### DATASET CONTENT:
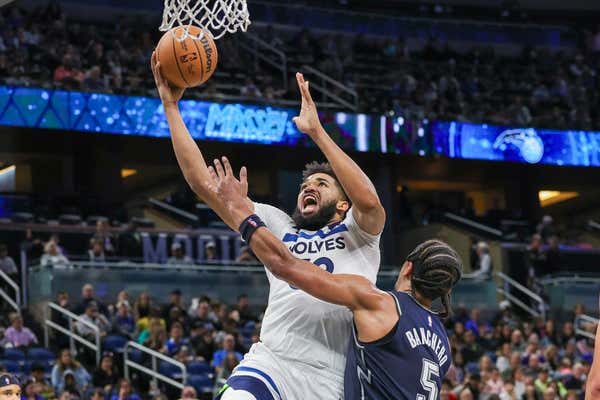 Karl-Anthony Towns, Timberwolves đánh bại Magic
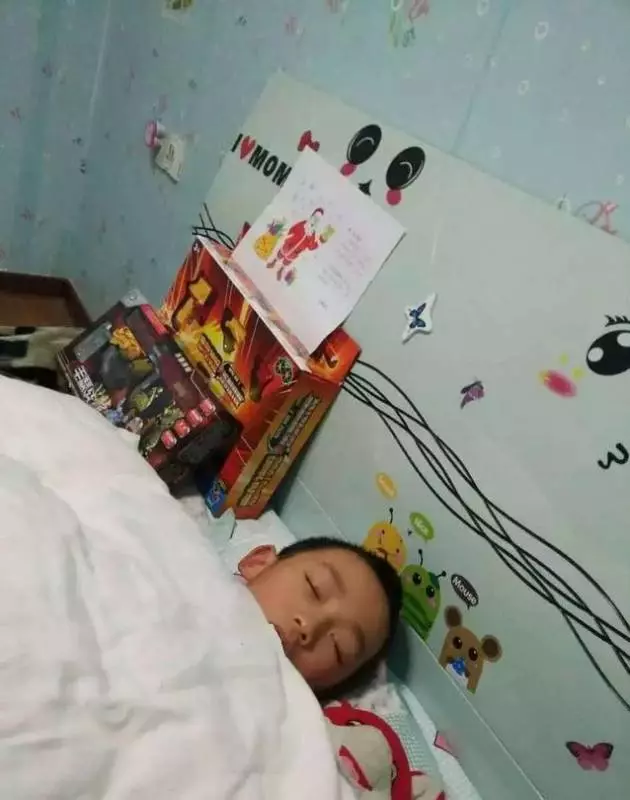 孩子問我聖誕老人是不是假的,我該怎麼回答?這位爸爸的做法太棒
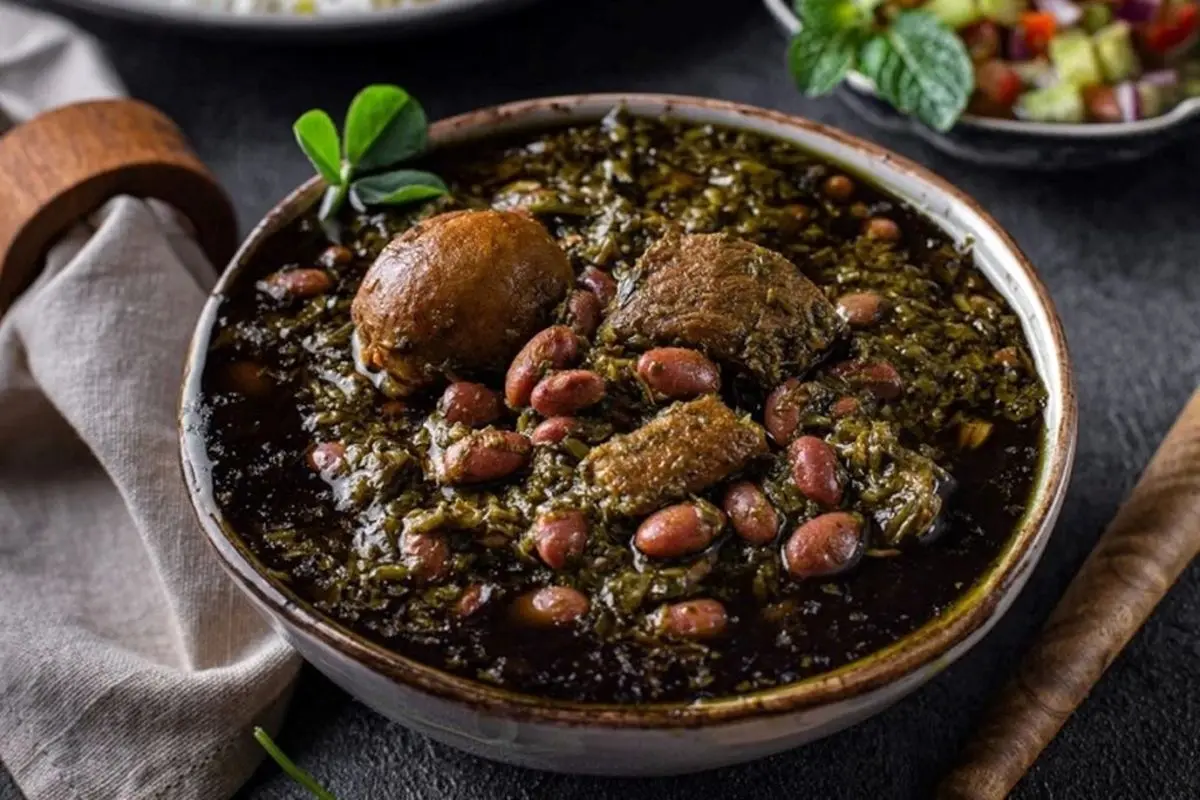 تلخی قورمه سبزی را چطور بگیریم؟! (5 راه فوری + ترفند قدیمی مادربزرگها!)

### EXERCISE OBJECTIVE:
Please return the full listing word for word, but without any pictures.

### EXERCISE RESPONSE:
 Karl-Anthony Towns, Timberwolves đánh bại Magic
 孩子問我聖誕老人是不是假的,我該怎麼回答?這位爸爸的做法太棒
 تلخی قورمه سبزی را چطور بگیریم؟! (5 راه فوری + ترفند قدیمی مادربزرگها!)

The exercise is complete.